However, CaMKII inhibitors with sufficient selectivity, specificity, and oral bioavailability are currently not available. Here, we evaluate RA608, a recently developed orally active, ATP‐competitive CaMKII inhibitor with high selectivity for CaMKIIδ and CaMKIIɣ, the predominant cardiac isoforms. Beside its high isoform selectivity, the ATP competitiveness of RA608 solves issues pertinent to previous research tools, such as the allosteric CaMKII inhibitor KN93, which could only inhibit inactive CaMKII, while RA608 can inhibit CaMKII regardless of its activation status. RA608 also shows vastly improved bioavailability and, importantly, tissue permeability, which prevented previous ATP‐competitive CaMKII inhibitors (e.g. AIP) from testing in multicellular preparations and, first and foremost, from testing in vivo. Therefore, we performed a large cross‐sectional observational study using right atrial biopsies from 119 patients to investigate the efficacy and safety of RA608 in human cardiac tissue for the first time. We accompanied the human cardiac tissue studies by in vivo studies in mice with HF to test the oral efficacy of RA608 to prevent the deterioration of contractile function and arrhythmias.

Methods

An extended version of the Methods section can be found in the Supporting Information.

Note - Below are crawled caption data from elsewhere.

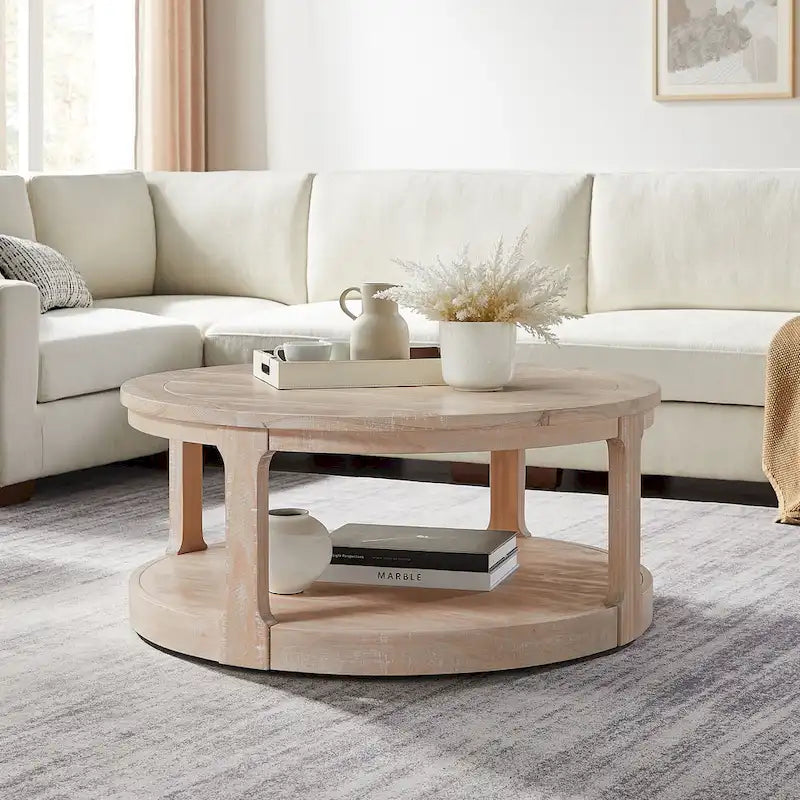 40 inch Large Curved 2 Tier Traditional Round Circle Wooden Center Coffee Table,Mid Century Vintage Design Rounded Wooden Table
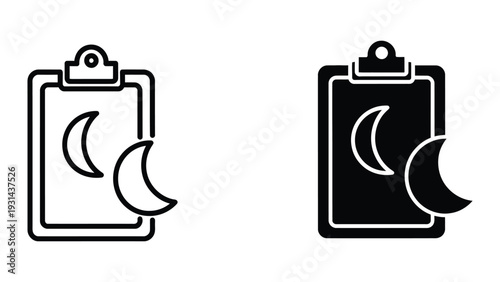 Clipboard Moon Icon Data Analysis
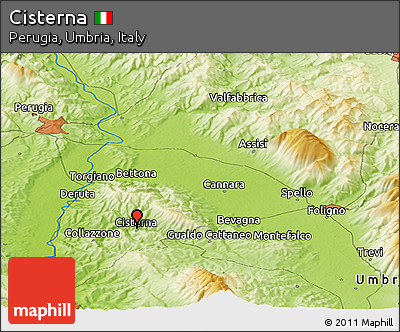 Physical Panoramic Map of Cisterna
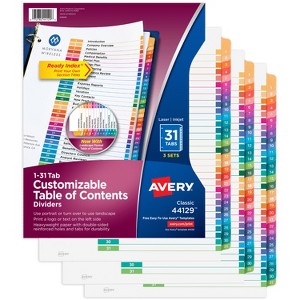 Avery 1-31 Dividers for 3 Ring Binders, 31 Tabs per Set, Customizable Table of Contents, Multicolor Tabs (3 Sets of 44129) - 1 of 4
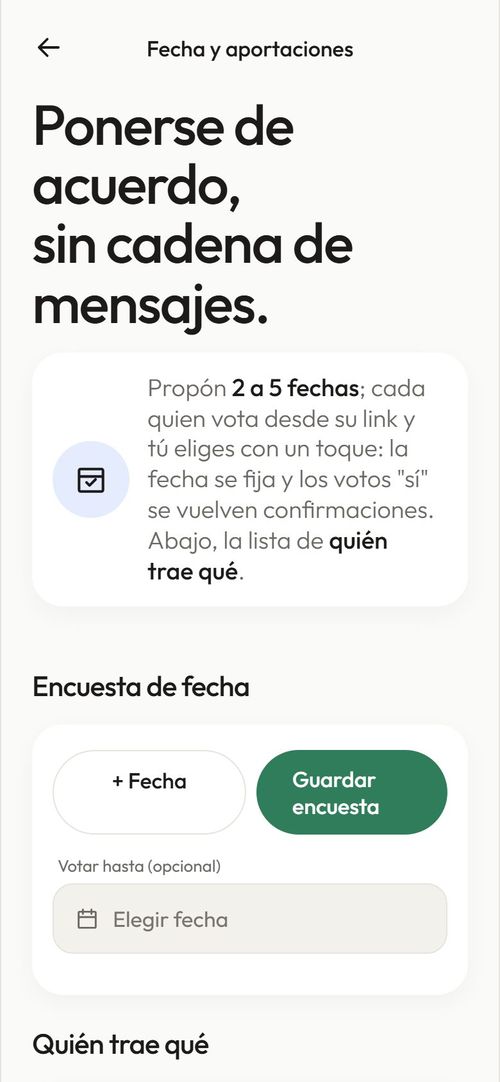 El plan y quién lleva qué.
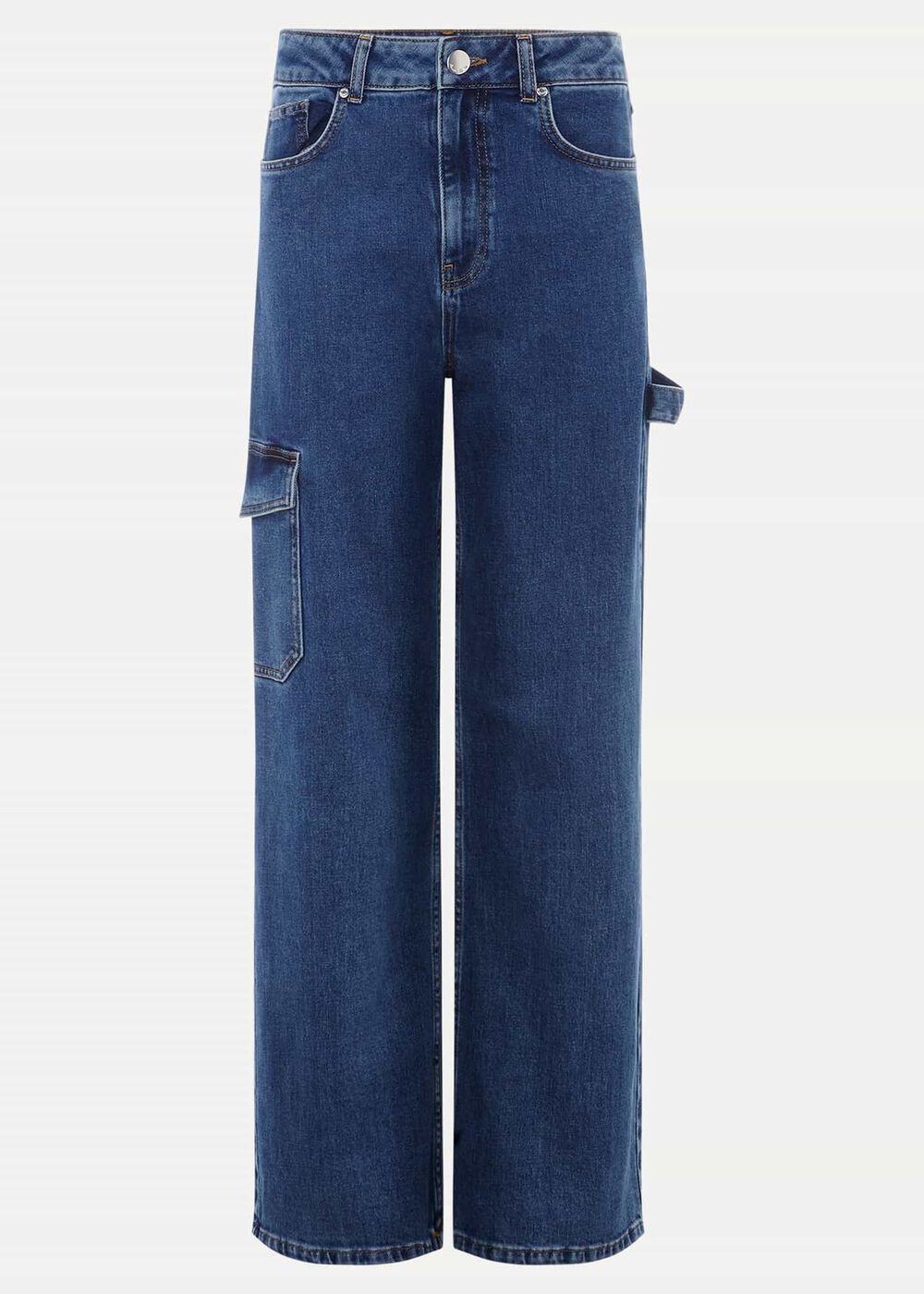 Scout Cargo Wide Leg Jeans Mid Blue
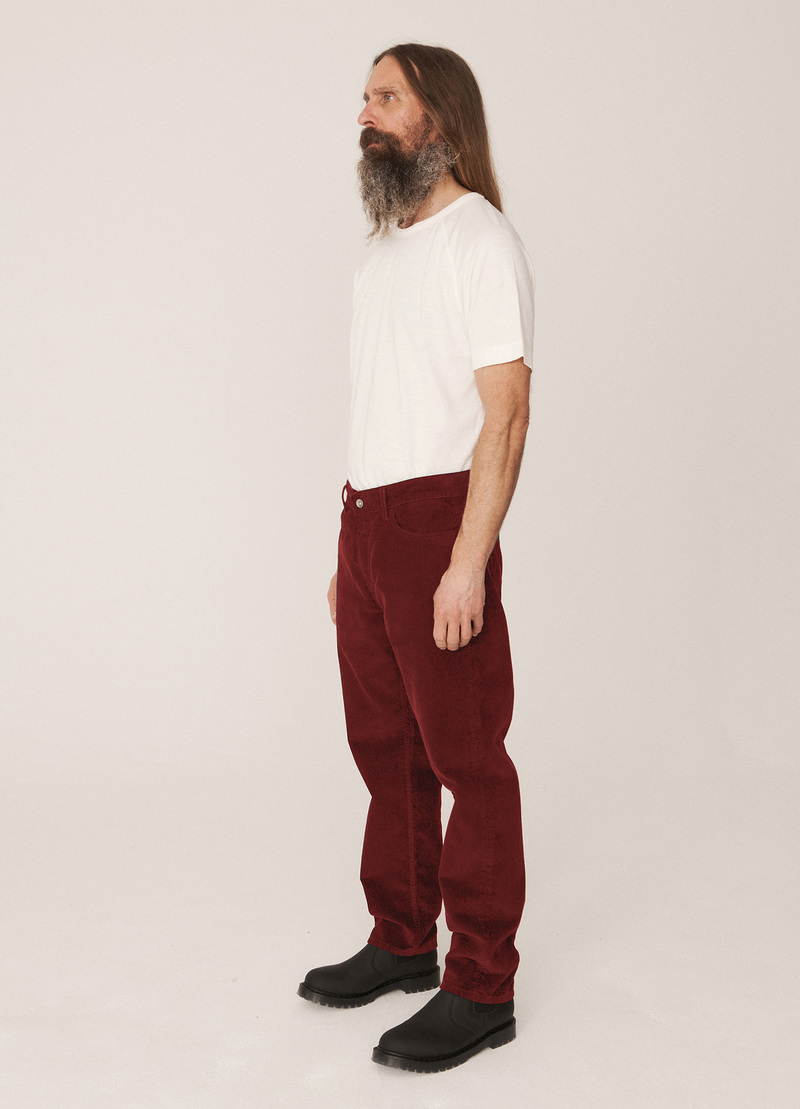 YMC Tearaway Recycled Cotton Cord Jeans - Burgundy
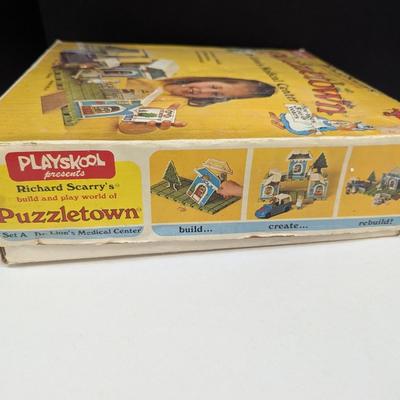Vintage Playskool Richard Scarry's Puzzletown Set A - Dr. Lion's Medical Center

Statement on the use of human and murine tissue

All investigations conformed to directive 2010/63/EU of the European Parliament. The investigation conforms to the Guide for the Care and Use of Laboratory Animals published by the US National Institutes of Health (NIH Publication No. 85‐23, revised 1985) and to local institutional guidelines. The investigation conforms with the principles outlined in the Declaration of Helsinki. Written consent was given by all donors of human tissue after approval had been given by the local ethics committee.

Acquisition of human myocardium and human myocyte isolation

Patients planned for heart surgery were enrolled in a cross‐sectional observational study to investigate the efficacy of RA608 in human myocardium. Inclusion criteria were planned open heart surgery requiring extracorporal circulation. Exclusion criterion was lack of sufficient amounts of biomaterial obtained during surgery. After informed consent, right atrial biopsies, which were excised on a routine basis during implantation of extracorporal circulation, were acquired and immediately transferred to the lab. In addition, clinical data of the patients were collected from clinical files at presentation. For some patients, experiments were only possible for a subset of experimental groups, meaning that, for example, due to cell yield, not all groups could be investigated in total in each patient. Wherever possible, allocation to the experimental groups remained blinded and at random. However, for some normalized data (e.g. trabeculae experiments), vehicle control was essential for the experiment and thus applied unblinded.

Preparation of RA608 solutions and storage conditions

RA608 is a novel orally administrable ATP‐competitive CaMKII inhibitor developed by Sanofi. ¹⁷ For oral administration of RA608, a stock solution of 15 mg/mL was generated once every day and kept at 4°C until used; 15 mg of the compound was solubilized in 800 μL of acidic cyclodextrin (captisol) and HCl mixture (10% in HCl 0.1 N). Thereafter, the pH was adjusted to 4 with NaOH, and the final volume of 1 mL was adjusted by addition of neutral cyclodextrin (10% in H₂O). The gavage mass for in vivo experiments was 30 mg/kg body weight (BW).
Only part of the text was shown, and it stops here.